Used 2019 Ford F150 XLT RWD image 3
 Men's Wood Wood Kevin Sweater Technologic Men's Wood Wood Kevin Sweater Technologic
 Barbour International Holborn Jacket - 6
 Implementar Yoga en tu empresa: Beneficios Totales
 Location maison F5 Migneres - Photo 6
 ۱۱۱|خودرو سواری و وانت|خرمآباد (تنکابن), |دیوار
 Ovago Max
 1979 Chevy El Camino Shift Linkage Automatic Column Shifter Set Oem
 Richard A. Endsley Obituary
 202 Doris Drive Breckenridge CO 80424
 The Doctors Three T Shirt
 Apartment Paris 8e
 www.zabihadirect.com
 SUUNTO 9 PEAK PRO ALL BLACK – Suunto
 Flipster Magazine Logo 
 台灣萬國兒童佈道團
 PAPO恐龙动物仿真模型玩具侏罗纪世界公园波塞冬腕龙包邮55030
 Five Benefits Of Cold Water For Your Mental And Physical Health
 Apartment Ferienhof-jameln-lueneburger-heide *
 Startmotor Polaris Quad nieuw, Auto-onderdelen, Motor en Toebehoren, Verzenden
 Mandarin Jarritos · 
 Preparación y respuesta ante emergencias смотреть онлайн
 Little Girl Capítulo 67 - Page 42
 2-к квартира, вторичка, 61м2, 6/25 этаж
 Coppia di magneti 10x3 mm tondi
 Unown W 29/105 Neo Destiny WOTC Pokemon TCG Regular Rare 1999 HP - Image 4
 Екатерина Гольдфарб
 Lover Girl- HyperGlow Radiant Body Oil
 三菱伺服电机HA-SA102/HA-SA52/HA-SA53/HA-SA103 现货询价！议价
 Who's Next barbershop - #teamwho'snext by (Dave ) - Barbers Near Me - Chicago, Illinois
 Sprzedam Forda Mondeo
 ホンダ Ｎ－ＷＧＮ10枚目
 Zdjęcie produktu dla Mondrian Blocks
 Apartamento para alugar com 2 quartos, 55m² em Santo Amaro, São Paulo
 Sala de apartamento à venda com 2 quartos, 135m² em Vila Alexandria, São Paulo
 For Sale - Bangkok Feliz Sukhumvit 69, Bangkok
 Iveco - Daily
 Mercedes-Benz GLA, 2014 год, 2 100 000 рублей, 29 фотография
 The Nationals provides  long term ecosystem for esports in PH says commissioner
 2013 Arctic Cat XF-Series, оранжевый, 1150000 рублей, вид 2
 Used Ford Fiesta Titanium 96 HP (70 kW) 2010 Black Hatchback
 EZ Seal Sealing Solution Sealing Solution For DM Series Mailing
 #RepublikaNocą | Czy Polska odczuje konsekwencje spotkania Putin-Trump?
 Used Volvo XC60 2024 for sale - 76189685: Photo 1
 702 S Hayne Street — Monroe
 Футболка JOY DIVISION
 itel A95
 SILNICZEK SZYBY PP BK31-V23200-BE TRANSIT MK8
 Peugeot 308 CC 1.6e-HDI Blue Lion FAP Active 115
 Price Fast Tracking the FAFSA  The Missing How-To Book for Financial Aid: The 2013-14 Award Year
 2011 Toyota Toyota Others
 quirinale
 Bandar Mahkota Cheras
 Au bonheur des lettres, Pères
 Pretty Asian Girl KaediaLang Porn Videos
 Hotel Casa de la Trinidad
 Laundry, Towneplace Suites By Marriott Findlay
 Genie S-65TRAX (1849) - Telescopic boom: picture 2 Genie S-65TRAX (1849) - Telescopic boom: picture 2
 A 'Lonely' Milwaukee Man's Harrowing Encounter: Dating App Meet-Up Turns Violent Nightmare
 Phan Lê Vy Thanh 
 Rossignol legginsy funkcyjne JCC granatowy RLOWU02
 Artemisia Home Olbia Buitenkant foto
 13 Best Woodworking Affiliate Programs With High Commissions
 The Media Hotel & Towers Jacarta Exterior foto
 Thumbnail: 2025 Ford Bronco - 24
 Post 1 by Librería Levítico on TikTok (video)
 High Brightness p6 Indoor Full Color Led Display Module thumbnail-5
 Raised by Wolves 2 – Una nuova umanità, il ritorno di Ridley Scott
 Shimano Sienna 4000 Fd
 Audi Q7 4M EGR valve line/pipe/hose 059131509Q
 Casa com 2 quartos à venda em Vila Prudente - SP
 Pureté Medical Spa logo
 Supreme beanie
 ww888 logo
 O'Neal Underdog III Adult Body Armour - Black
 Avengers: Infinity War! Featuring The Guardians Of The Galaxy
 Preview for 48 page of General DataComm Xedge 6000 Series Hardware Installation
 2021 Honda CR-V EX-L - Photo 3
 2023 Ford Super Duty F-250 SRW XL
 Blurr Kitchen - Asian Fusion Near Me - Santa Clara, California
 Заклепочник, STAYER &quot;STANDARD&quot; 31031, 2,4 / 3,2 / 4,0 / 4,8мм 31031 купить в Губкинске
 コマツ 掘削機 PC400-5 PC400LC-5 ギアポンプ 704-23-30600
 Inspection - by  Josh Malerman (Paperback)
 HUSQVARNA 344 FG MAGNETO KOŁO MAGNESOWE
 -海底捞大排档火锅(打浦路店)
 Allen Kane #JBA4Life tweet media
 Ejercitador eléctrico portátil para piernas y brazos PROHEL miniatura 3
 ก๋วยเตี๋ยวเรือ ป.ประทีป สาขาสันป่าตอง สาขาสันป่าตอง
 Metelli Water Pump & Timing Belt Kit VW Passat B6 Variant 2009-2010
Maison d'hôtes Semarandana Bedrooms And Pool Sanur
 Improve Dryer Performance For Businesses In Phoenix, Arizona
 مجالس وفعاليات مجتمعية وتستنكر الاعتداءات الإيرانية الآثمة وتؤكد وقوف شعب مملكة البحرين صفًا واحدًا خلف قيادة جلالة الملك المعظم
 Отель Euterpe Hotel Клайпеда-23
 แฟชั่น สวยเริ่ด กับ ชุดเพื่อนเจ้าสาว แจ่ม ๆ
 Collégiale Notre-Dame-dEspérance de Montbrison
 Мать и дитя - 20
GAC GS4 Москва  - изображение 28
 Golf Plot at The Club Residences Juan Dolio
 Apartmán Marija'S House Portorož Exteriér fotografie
☆ ☆ ☆ ☆ ☆ ☆ ☆
Transcription of the listing must be exact and complete.

§ **Result of this task**
Used 2019 Ford F150 XLT RWD image 3
 Men's Wood Wood Kevin Sweater Technologic Men's Wood Wood Kevin Sweater Technologic
 Barbour International Holborn Jacket - 6
 Implementar Yoga en tu empresa: Beneficios Totales
 Location maison F5 Migneres - Photo 6
 ۱۱۱|خودرو سواری و وانت|خرمآباد (تنکابن), |دیوار
 Ovago Max
 1979 Chevy El Camino Shift Linkage Automatic Column Shifter Set Oem
 Richard A. Endsley Obituary
 202 Doris Drive Breckenridge CO 80424
 The Doctors Three T Shirt
 Apartment Paris 8e
 www.zabihadirect.com
 SUUNTO 9 PEAK PRO ALL BLACK – Suunto
 Flipster Magazine Logo 
 台灣萬國兒童佈道團
 PAPO恐龙动物仿真模型玩具侏罗纪世界公园波塞冬腕龙包邮55030
 Five Benefits Of Cold Water For Your Mental And Physical Health
 Apartment Ferienhof-jameln-lueneburger-heide *
 Startmotor Polaris Quad nieuw, Auto-onderdelen, Motor en Toebehoren, Verzenden
 Mandarin Jarritos · 
 Preparación y respuesta ante emergencias смотреть онлайн
 Little Girl Capítulo 67 - Page 42
 2-к квартира, вторичка, 61м2, 6/25 этаж
 Coppia di magneti 10x3 mm tondi
 Unown W 29/105 Neo Destiny WOTC Pokemon TCG Regular Rare 1999 HP - Image 4
 Екатерина Гольдфарб
 Lover Girl- HyperGlow Radiant Body Oil
 三菱伺服电机HA-SA102/HA-SA52/HA-SA53/HA-SA103 现货询价！议价
 Who's Next barbershop - #teamwho'snext by (Dave ) - Barbers Near Me - Chicago, Illinois
 Sprzedam Forda Mondeo
 ホンダ Ｎ－ＷＧＮ10枚目
 Zdjęcie produktu dla Mondrian Blocks
 Apartamento para alugar com 2 quartos, 55m² em Santo Amaro, São Paulo
 Sala de apartamento à venda com 2 quartos, 135m² em Vila Alexandria, São Paulo
 For Sale - Bangkok Feliz Sukhumvit 69, Bangkok
 Iveco - Daily
 Mercedes-Benz GLA, 2014 год, 2 100 000 рублей, 29 фотография
 The Nationals provides  long term ecosystem for esports in PH says commissioner
 2013 Arctic Cat XF-Series, оранжевый, 1150000 рублей, вид 2
 Used Ford Fiesta Titanium 96 HP (70 kW) 2010 Black Hatchback
 EZ Seal Sealing Solution Sealing Solution For DM Series Mailing
 #RepublikaNocą | Czy Polska odczuje konsekwencje spotkania Putin-Trump?
 Used Volvo XC60 2024 for sale - 76189685: Photo 1
 702 S Hayne Street — Monroe
 Футболка JOY DIVISION
 itel A95
 SILNICZEK SZYBY PP BK31-V23200-BE TRANSIT MK8
 Peugeot 308 CC 1.6e-HDI Blue Lion FAP Active 115
 Price Fast Tracking the FAFSA  The Missing How-To Book for Financial Aid: The 2013-14 Award Year
 2011 Toyota Toyota Others
 quirinale
 Bandar Mahkota Cheras
 Au bonheur des lettres, Pères
 Pretty Asian Girl KaediaLang Porn Videos
 Hotel Casa de la Trinidad
 Laundry, Towneplace Suites By Marriott Findlay
 Genie S-65TRAX (1849) - Telescopic boom: picture 2 Genie S-65TRAX (1849) - Telescopic boom: picture 2
 A 'Lonely' Milwaukee Man's Harrowing Encounter: Dating App Meet-Up Turns Violent Nightmare
 Phan Lê Vy Thanh 
 Rossignol legginsy funkcyjne JCC granatowy RLOWU02
 Artemisia Home Olbia Buitenkant foto
 13 Best Woodworking Affiliate Programs With High Commissions
 The Media Hotel & Towers Jacarta Exterior foto
 Thumbnail: 2025 Ford Bronco - 24
 Post 1 by Librería Levítico on TikTok (video)
 High Brightness p6 Indoor Full Color Led Display Module thumbnail-5
 Raised by Wolves 2 – Una nuova umanità, il ritorno di Ridley Scott
 Shimano Sienna 4000 Fd
 Audi Q7 4M EGR valve line/pipe/hose 059131509Q
 Casa com 2 quartos à venda em Vila Prudente - SP
 Pureté Medical Spa logo
 Supreme beanie
 ww888 logo
 O'Neal Underdog III Adult Body Armour - Black
 Avengers: Infinity War! Featuring The Guardians Of The Galaxy
 Preview for 48 page of General DataComm Xedge 6000 Series Hardware Installation
 2021 Honda CR-V EX-L - Photo 3
 2023 Ford Super Duty F-250 SRW XL
 Blurr Kitchen - Asian Fusion Near Me - Santa Clara, California
 Заклепочник, STAYER &quot;STANDARD&quot; 31031, 2,4 / 3,2 / 4,0 / 4,8мм 31031 купить в Губкинске
 コマツ 掘削機 PC400-5 PC400LC-5 ギアポンプ 704-23-30600
 Inspection - by  Josh Malerman (Paperback)
 HUSQVARNA 344 FG MAGNETO KOŁO MAGNESOWE
 -海底捞大排档火锅(打浦路店)
 Allen Kane #JBA4Life tweet media
 Ejercitador eléctrico portátil para piernas y brazos PROHEL miniatura 3
 ก๋วยเตี๋ยวเรือ ป.ประทีป สาขาสันป่าตอง สาขาสันป่าตอง
 Metelli Water Pump & Timing Belt Kit VW Passat B6 Variant 2009-2010
Maison d'hôtes Semarandana Bedrooms And Pool Sanur
 Improve Dryer Performance For Businesses In Phoenix, Arizona
 مجالس وفعاليات مجتمعية وتستنكر الاعتداءات الإيرانية الآثمة وتؤكد وقوف شعب مملكة البحرين صفًا واحدًا خلف قيادة جلالة الملك المعظم
 Отель Euterpe Hotel Клайпеда-23
 แฟชั่น สวยเริ่ด กับ ชุดเพื่อนเจ้าสาว แจ่ม ๆ
 Collégiale Notre-Dame-dEspérance de Montbrison
 Мать и дитя - 20
GAC GS4 Москва  - изображение 28
 Golf Plot at The Club Residences Juan Dolio
 Apartmán Marija'S House Portorož Exteriér fotografie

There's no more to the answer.